_EXERCISE DESCRIPTION:_ For the entries that follow, retype exactly the lines from the one containing "2010 5 Oz Silver" to the one containing "Zamaya Flower Cat", inclusive, and only those. Images stay out of the copy.

_DATA:_
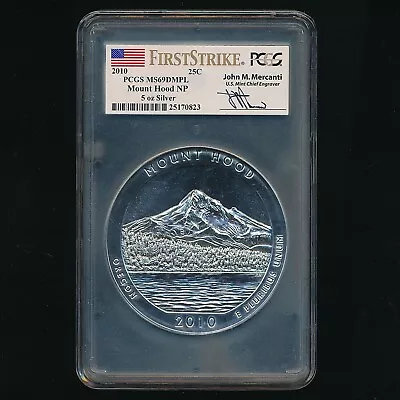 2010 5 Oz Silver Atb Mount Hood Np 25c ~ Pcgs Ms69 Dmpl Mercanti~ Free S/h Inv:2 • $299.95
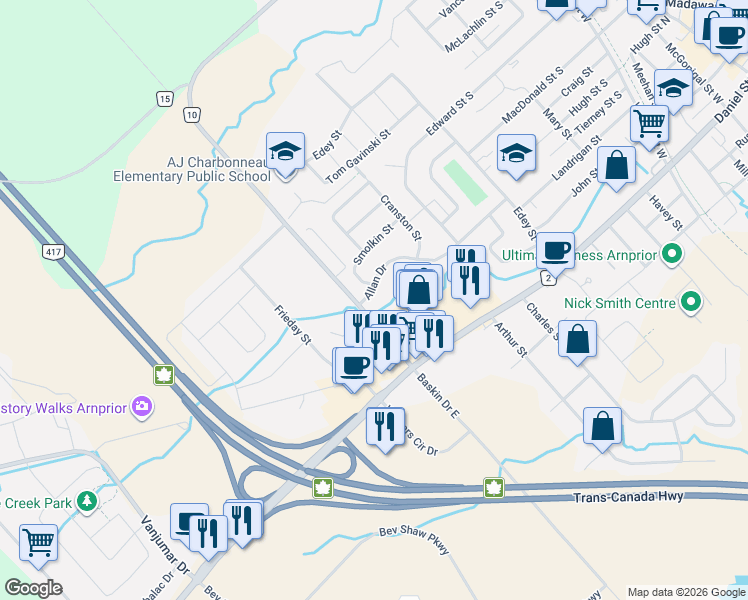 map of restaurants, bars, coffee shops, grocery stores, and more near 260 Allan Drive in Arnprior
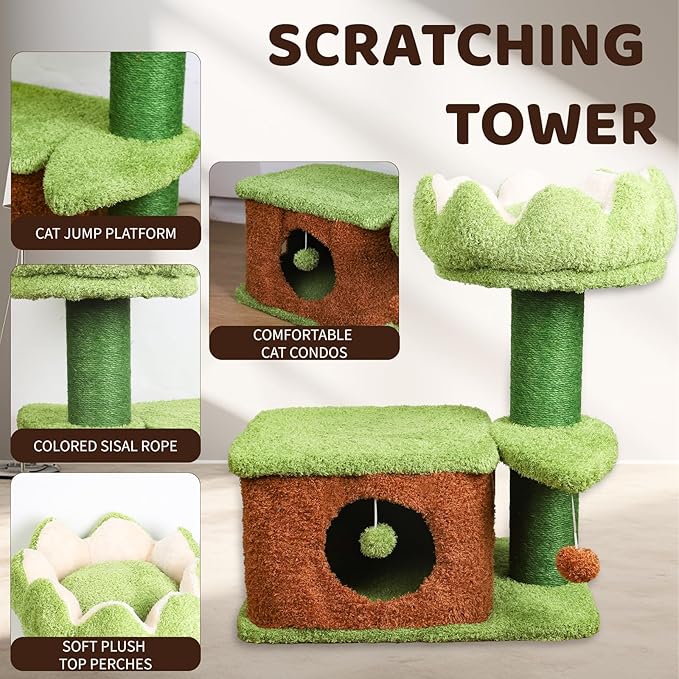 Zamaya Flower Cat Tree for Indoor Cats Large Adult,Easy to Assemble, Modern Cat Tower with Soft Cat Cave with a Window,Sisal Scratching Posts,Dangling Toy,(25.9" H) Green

==

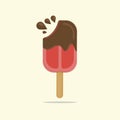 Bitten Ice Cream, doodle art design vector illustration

_THE ANSWER:_
 2010 5 Oz Silver Atb Mount Hood Np 25c ~ Pcgs Ms69 Dmpl Mercanti~ Free S/h Inv:2 • $299.95
 map of restaurants, bars, coffee shops, grocery stores, and more near 260 Allan Drive in Arnprior
 Zamaya Flower Cat Tree for Indoor Cats Large Adult,Easy to Assemble, Modern Cat Tower with Soft Cat Cave with a Window,Sisal Scratching Posts,Dangling Toy,(25.9" H) Green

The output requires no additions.